_TASK TO COMPLETE_: Extract exactly the lines from the top of the records through the line containing "PEACENEST Goose Feather", and keep pictures out of the copy.

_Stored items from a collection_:

[Start of Attachment]

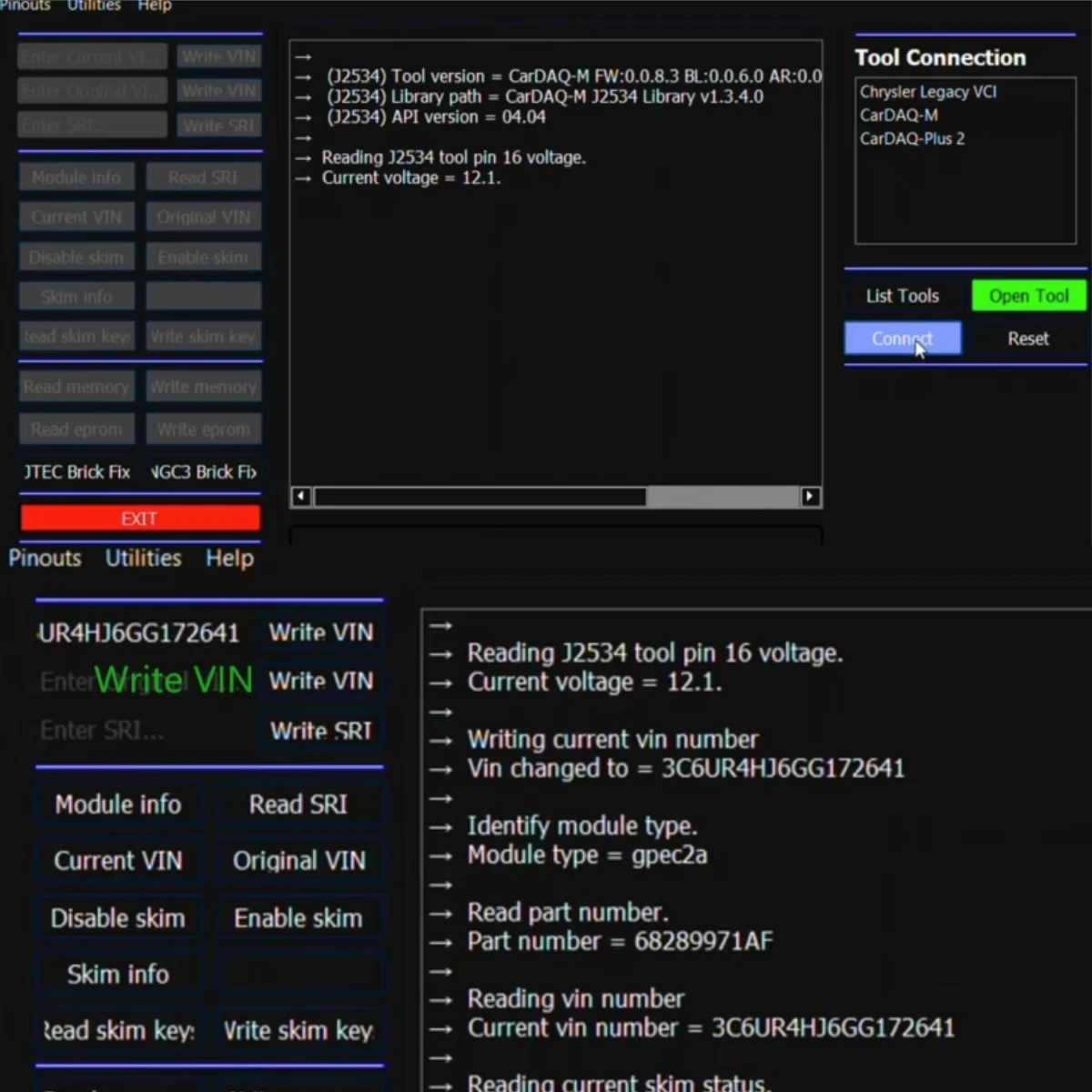 برنامج AEMT MAXX VIN Editor لـ Chrysler PCM Edit Skim Security يستخدم GPEC لكرايسلر/دودج/جيب ديزل غاز يدعم J2534 Win10
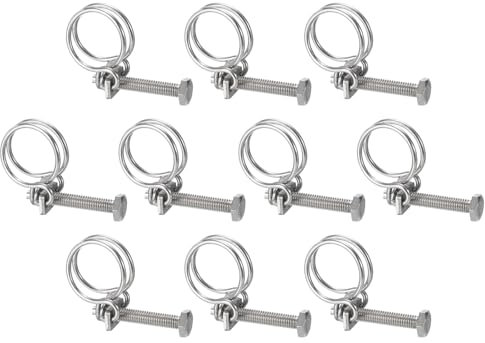 sourcing map 10Pcs Double Wire Hose Clamp, 25-29mm Adjustable Stainless Steel Wire Hose Clips with M8 Bolt for Dust Collection Hose, Pump Hose Pipe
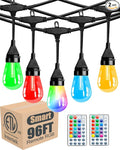 Lightdot 96FT Outdoor RGB String Lights, Dimmable Color Changing Waterproof LED by LightdotLighting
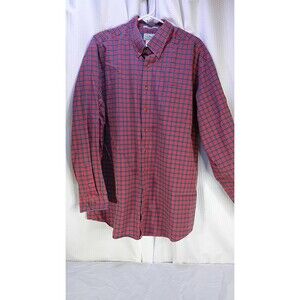 L.L. Bean Mens XLT Shirt Wrinkle Resistant Cotton Traditional Fit L/S Red/Blue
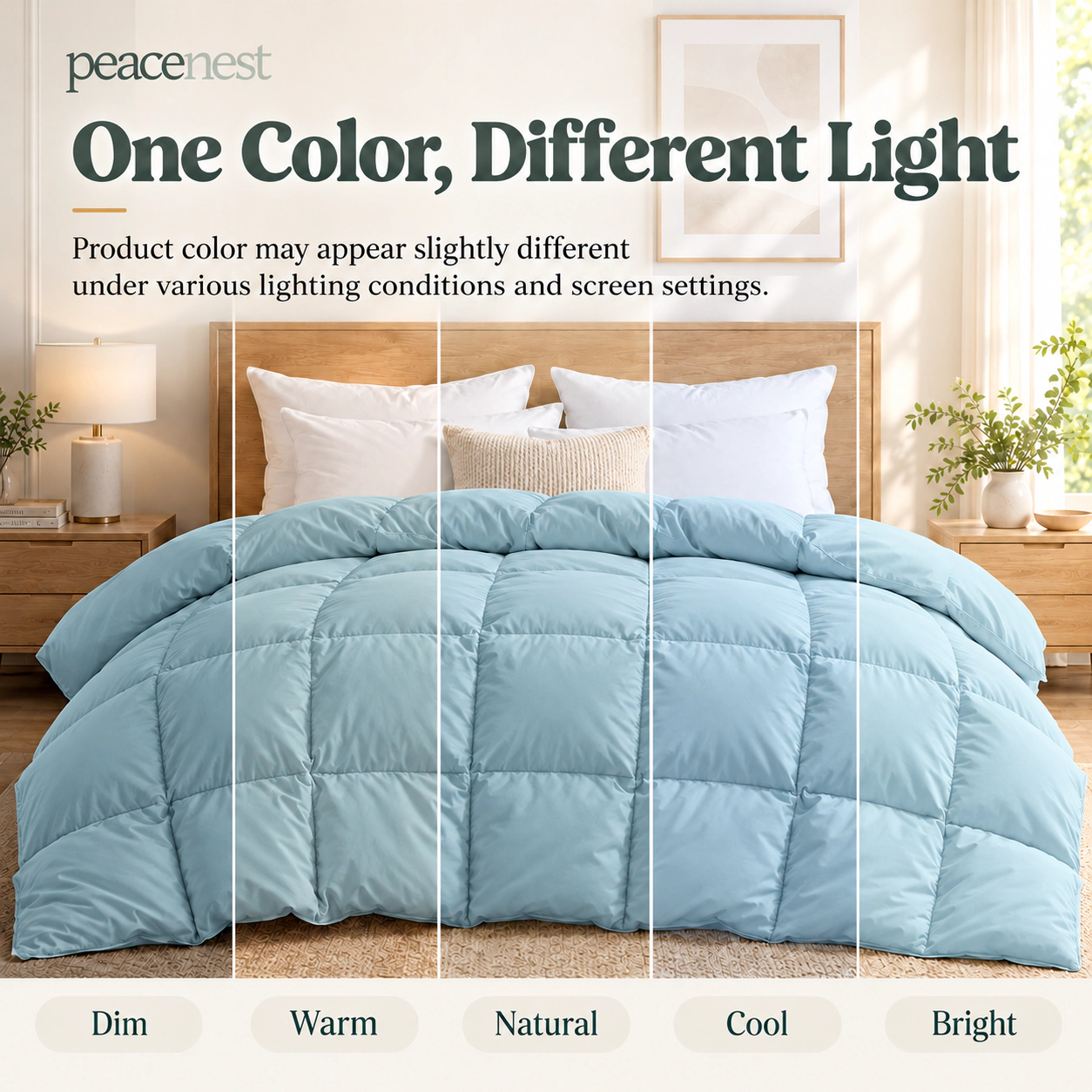 PEACENEST Goose Feather Fiber Comforter All Season Soft Duvet Insert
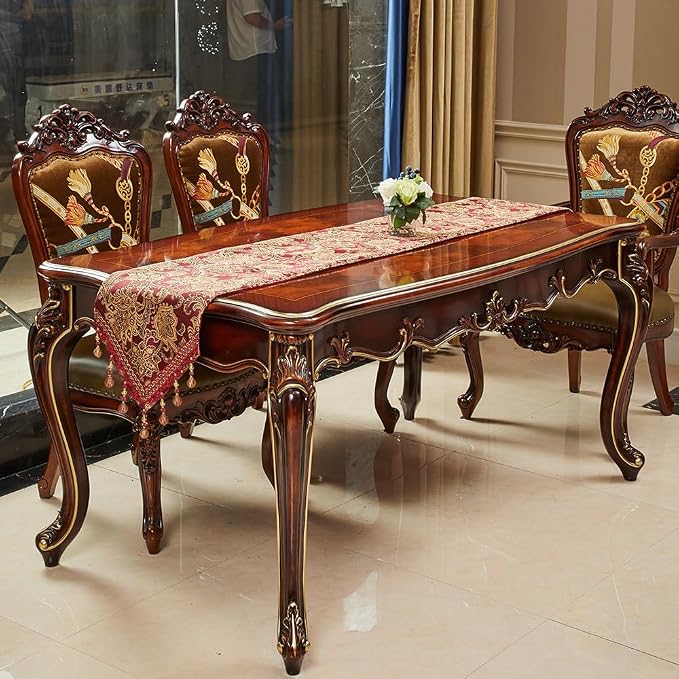 Luxury Vintage Design Table Runner 90 inches Long Embroidery Jacquard Fabric - Image 7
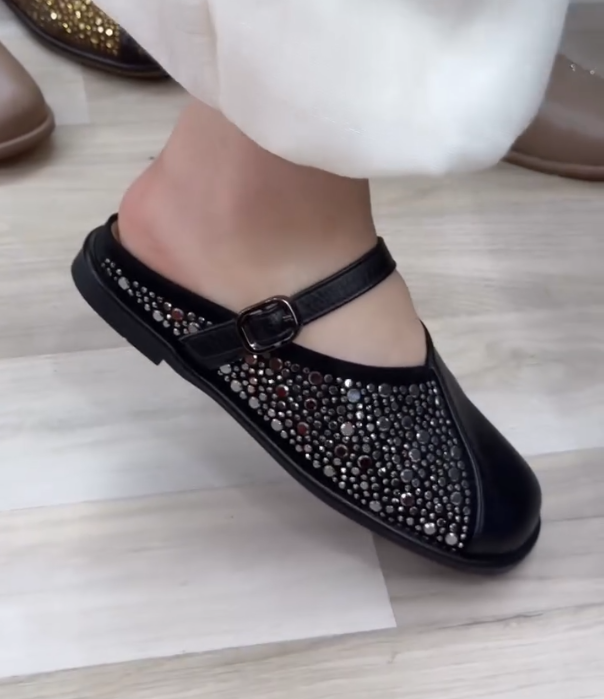 Rhinestone Embellished Mary Jane Mule with Adjustable Buckle Strap and Perforated Upper Detail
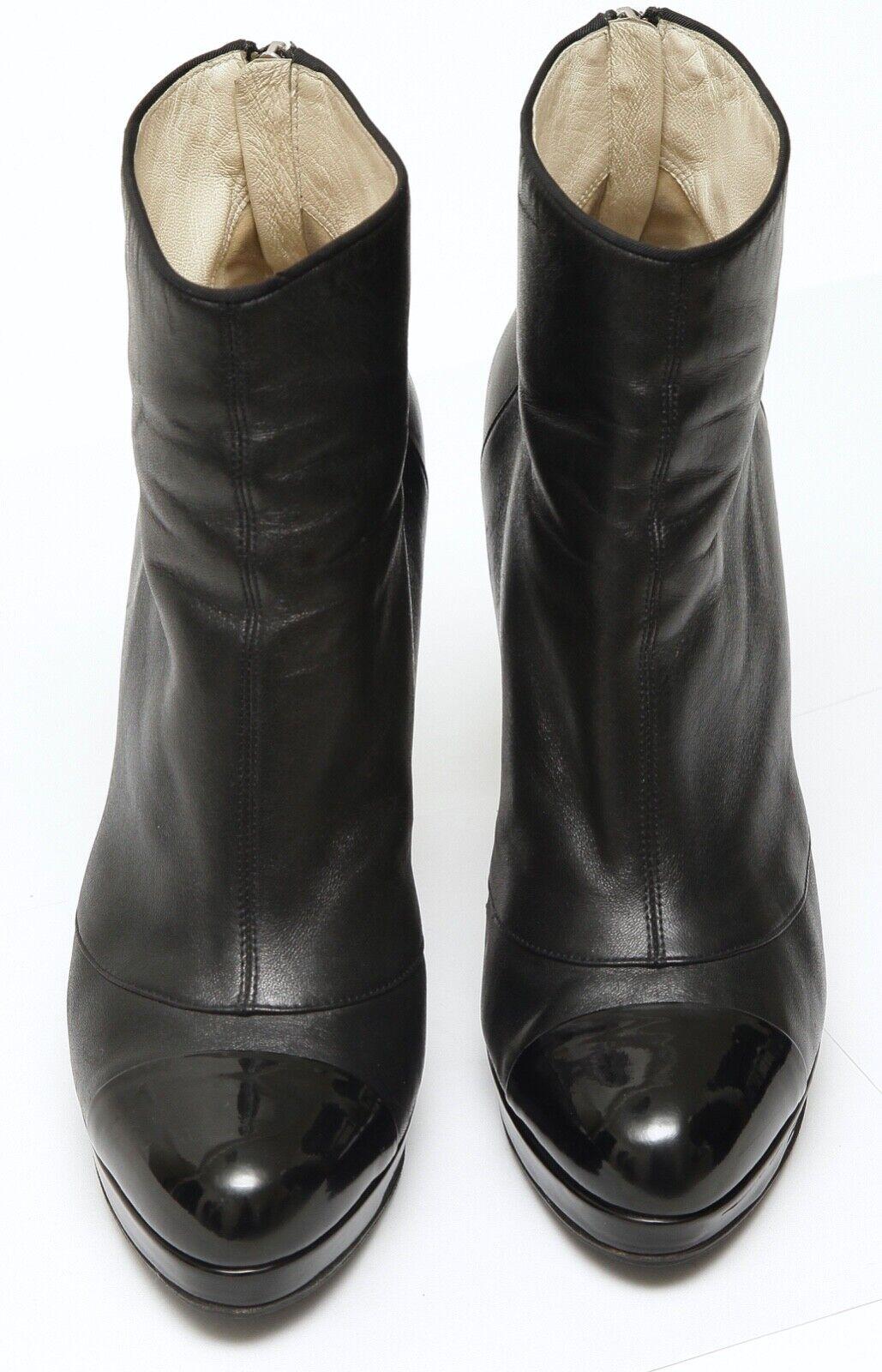 Women's CHANEL Black Leather Platform Ankle Boot Patent Silver Almond To Zipper Sz 41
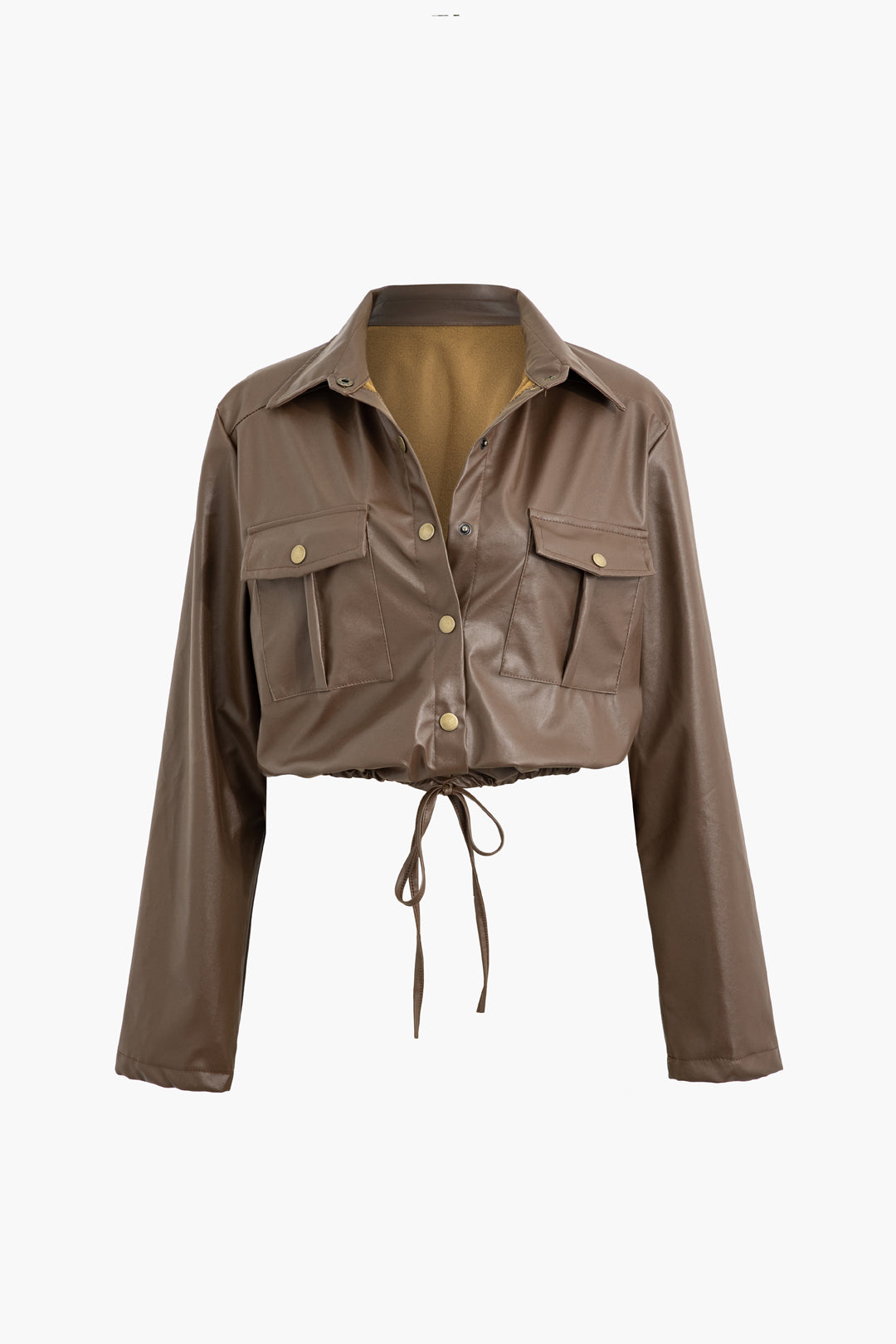 Faux Leather Tie Button-Up Flap Pocket Jacket & Elastic Pants Set for Y2K Aesthetic Style Faux Leather Tie Button-Up Flap Pocket Jacket & Elastic Pants Set for Y2K Aesthetic Style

[End of Attachment]

_WRITTEN SOLUTION_:
 برنامج AEMT MAXX VIN Editor لـ Chrysler PCM Edit Skim Security يستخدم GPEC لكرايسلر/دودج/جيب ديزل غاز يدعم J2534 Win10
 sourcing map 10Pcs Double Wire Hose Clamp, 25-29mm Adjustable Stainless Steel Wire Hose Clips with M8 Bolt for Dust Collection Hose, Pump Hose Pipe
 Lightdot 96FT Outdoor RGB String Lights, Dimmable Color Changing Waterproof LED by LightdotLighting
 L.L. Bean Mens XLT Shirt Wrinkle Resistant Cotton Traditional Fit L/S Red/Blue
 PEACENEST Goose Feather Fiber Comforter All Season Soft Duvet Insert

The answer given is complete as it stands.